Un point apparaît commun aux deux événements : la consigne donnée par les invitants, Jean XXIII et François. Le premier, dans son discours d’ouverture du 11 octobre 1962, appelait à procéder à une mise à jour (en italien, un aggiornamento), non pour déclasser la « vérité catholique » mais pour que « les âmes en soient plus pleinement imprégnées et informées, comme l’espèrent ardemment tous les sincères partisans de la vérité chrétienne, catholique, apostolique ». A cette intention était ajoutée une indication de méthode, celle-là même que l’on retrouve aujourd’hui dans les débats autour du mariage, conduisant à distinguer entre exposé dogmatique (ou discipline irréformable) et modalité « pastorale », pour ne s’intéresser qu’à cette dernière.

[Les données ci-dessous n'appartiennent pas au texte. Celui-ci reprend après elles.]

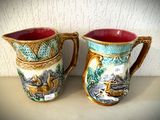 deux vases posés sur une table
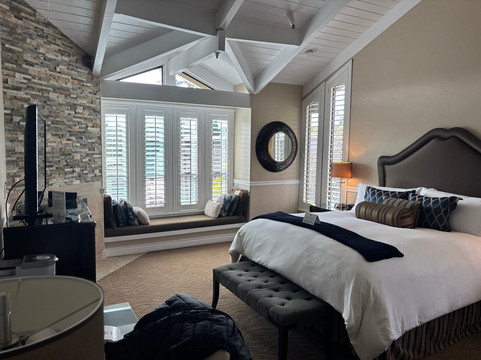 Carriage House Inn主图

Jean XXIII poursuivait donc : « Il convient que cette doctrine sûre et immuable, à laquelle on doit adhérer de manière fidèle, soit approfondie et exposée selon des demandes de notre temps. En effet, autre est le dépôt de la Foi, c’est-à-dire les vérités contenues dans notre vénérée doctrine, autre est le mode par lequel elles sont annoncées avec toujours le même sens et dans la même acception. Une grande importance sera donnée à cette méthode, et si cela est nécessaire, elle sera appliquée avec patience ; on devra par conséquent adopter cette manière d’exposition qui correspond le plus au magistère, dont le caractère est avant tout pastoral. » Le propos n’induisait pas à opposer vérité dogmatique et pastorale, puisque le « mode » auquel il était fait allusion devait permettre la fidélité au « même sens » et à « la même acception », allusion assez claire à la règle du développement homogène de l’intelligence de la Révélation. C’est le déroulement ultérieur des débats internes et externes, ainsi que les interventions de Jean XXIII et de Paul VI, qui ont donné à l’aggiornamento son sens effectif, celui non pas d’une rénovation pédagogique, mais d’une mise en adéquation avec les exigences de la culture dominante du moment, la condamnation préventive des « prophètes de malheur » par Jean XXIII, dans un petit passage du même discours inaugural, levant les inhibitions.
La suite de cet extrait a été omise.